◆ **Data**
▼▼▼

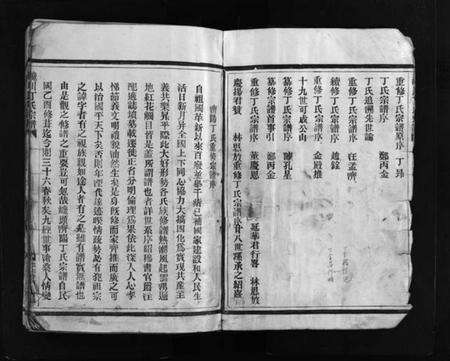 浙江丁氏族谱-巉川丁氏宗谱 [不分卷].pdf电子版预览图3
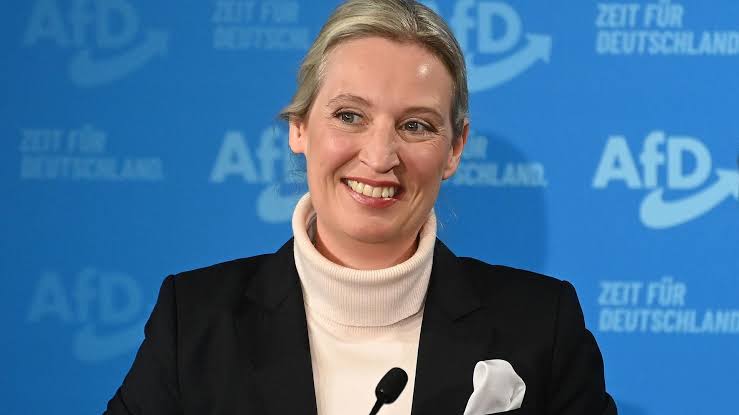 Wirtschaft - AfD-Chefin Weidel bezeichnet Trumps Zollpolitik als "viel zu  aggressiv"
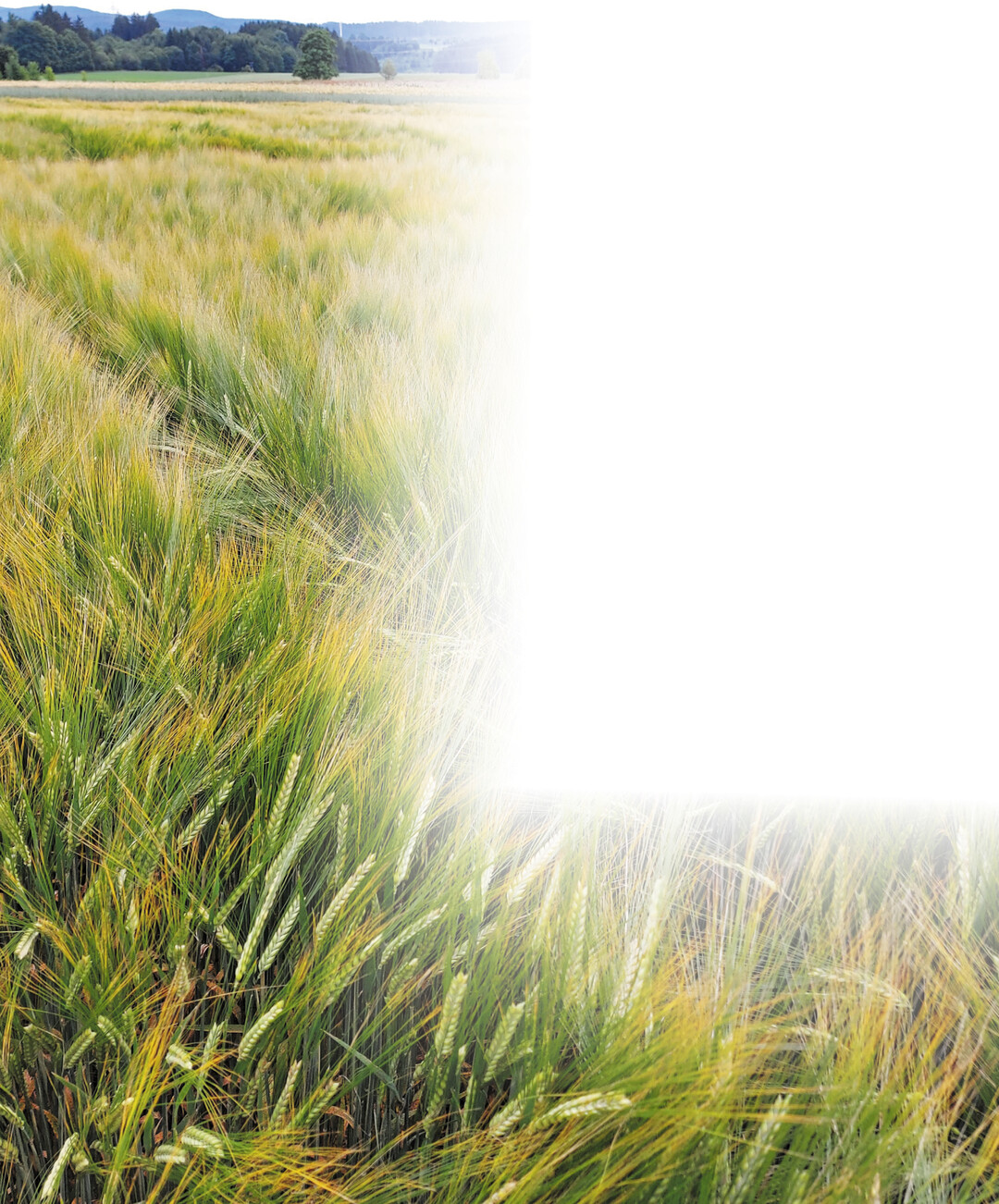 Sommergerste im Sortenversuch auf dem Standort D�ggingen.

▲▲▲

◆ **What you need to do**
Exact repetition of the data is needed, with no images retained.

◆ **Answer to this task**
 浙江丁氏族谱-巉川丁氏宗谱 [不分卷].pdf电子版预览图3
 Wirtschaft - AfD-Chefin Weidel bezeichnet Trumps Zollpolitik als "viel zu  aggressiv"
 Sommergerste im Sortenversuch auf dem Standort D�ggingen.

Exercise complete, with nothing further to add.